A giudicare dal frangente, ci pare che la mossa di Kiev sia stata concepita prevalentemente per ravvivare l’interesse dei partner occidentali sulle capacità belliche ucraine. Un segnale sta nelle parole di Zelensky che, sin dai primi successi dell’invasione, ha invocato l’urgenza di sostenerla con armi d’offesa e senza vincoli d’uso. Insomma, un atto dimostrativo indirizzato all’Occidente, per affermare che “si può fare”; una logica accelerazionistica, disposta a giocarsi momentaneamente altro territorio sul fronte interno, comunque destinato a cedere nel lungo termine, per superare l’ennesima linea rossa e incoraggiare la Nato a coinvolgersi di più.
Un rilancio viepiù motivato dall’approssimarsi delle presidenziali Usa. Kiev infatti si muove in funzione delle dinamiche elettorali statunitensi, tanto da aprire a ipotesi negoziali con Mosca all’indomani dell’attentato a Trump per poi lanciare l’offensiva in cantiere, appurando che l’investitura di Harris promette qualche chance per il futuro.

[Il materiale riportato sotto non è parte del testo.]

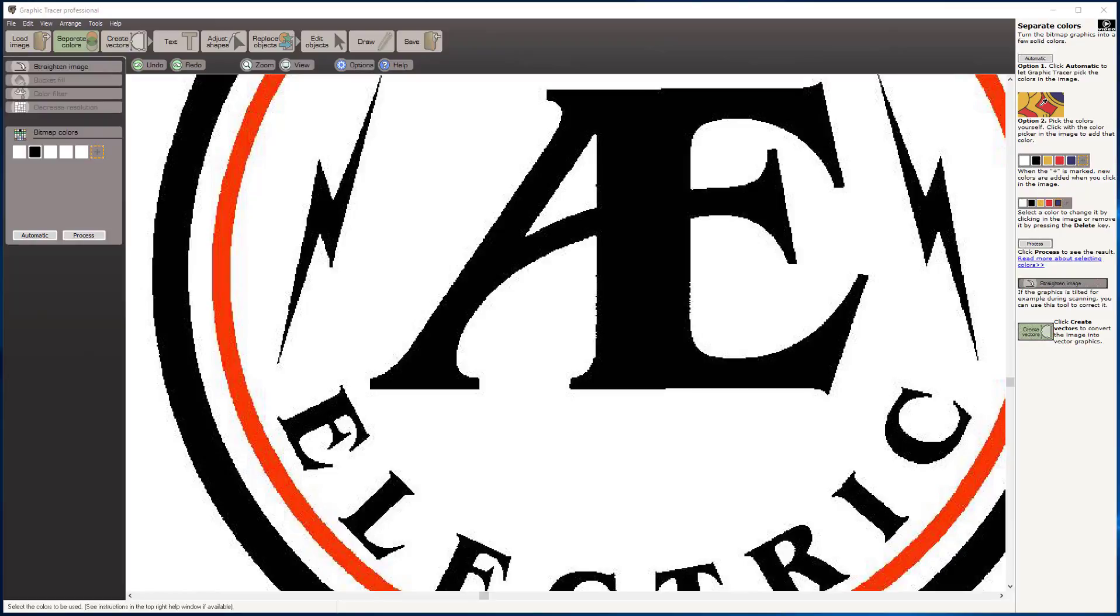Hello, this is Steve with Graphic Powers. Here I'm going to show you how quickly we can clean up this two-color JPEG bitmap and turn it into a vector graphic using Graphic Tracer.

Ma per misurare l’efficacia della mossa occorre fare i conti con le reazioni dei destinatari del messaggio. La Francia, dopo i toni arrembanti degli ultimi mesi, per ora tace. L’Italia, conservando il segreto sulle armi inviate, nicchia sull’ipotesi di rimuovere ufficialmente sui vincoli d’uso. La Germania ha di recente approvato una bozza di bilancio che dimezza gli aiuti militari dal prossimo anno. Per altro verso, il Pentagono accompagna l’ultimo pacchetto di armi e di sanzioni varato dalla Casa Bianca con un curioso comunicato in cui, pur ignorandone la direttrice strategica, si dice fiducioso nel piano offensivo di Kiev, mentre diverse testate di primordine si convertono a un inedito scetticismo sull’affidabilità politica e militare ucraina. Polonia e Paesi baltici esultano, mentre in Gran Bretagna (dai cui centri di addestramento pare provenire un buon numero di unità spedite a Kursk) la stampa invita tutta la Nato a osare di più, interpretando come debolezza la mancata attivazione della difesa nucleare della Russia contro l’invasione nel suo oblast (ma si dà il caso che la dottrina militare russa ne prevede il ricorso in caso di minaccia esistenziale alla Federazione, che non equivale a spararsi sui piedi una testata atomica per fermare un’incursione sul confine).
Sull’efficacia della mossa di Kiev dirà molto il vertice tra ministri di difesa ed esteri Ue che dovrebbe tenersi in settimana, per discutere il “formale” invio sul territorio ucraino di istruttori militari, secondo un documento che fissa la decisione entro novembre, scadenza della missione di addestramento Eumam Ukr, non a caso coincidente con il momento in cui si conoscerà il futuro inquilino della Casa Bianca.
Le prossime settimane potranno dire quanto il messaggio di Kursk avrà unanimemente galvanizzato i reali destinatari, suscitando o meno l’escalation in cui il governo di Kiev ripone la speranza dell’unica via d’uscita. Unica, certo, se ci si affida alla grammatica esclusiva delle armi.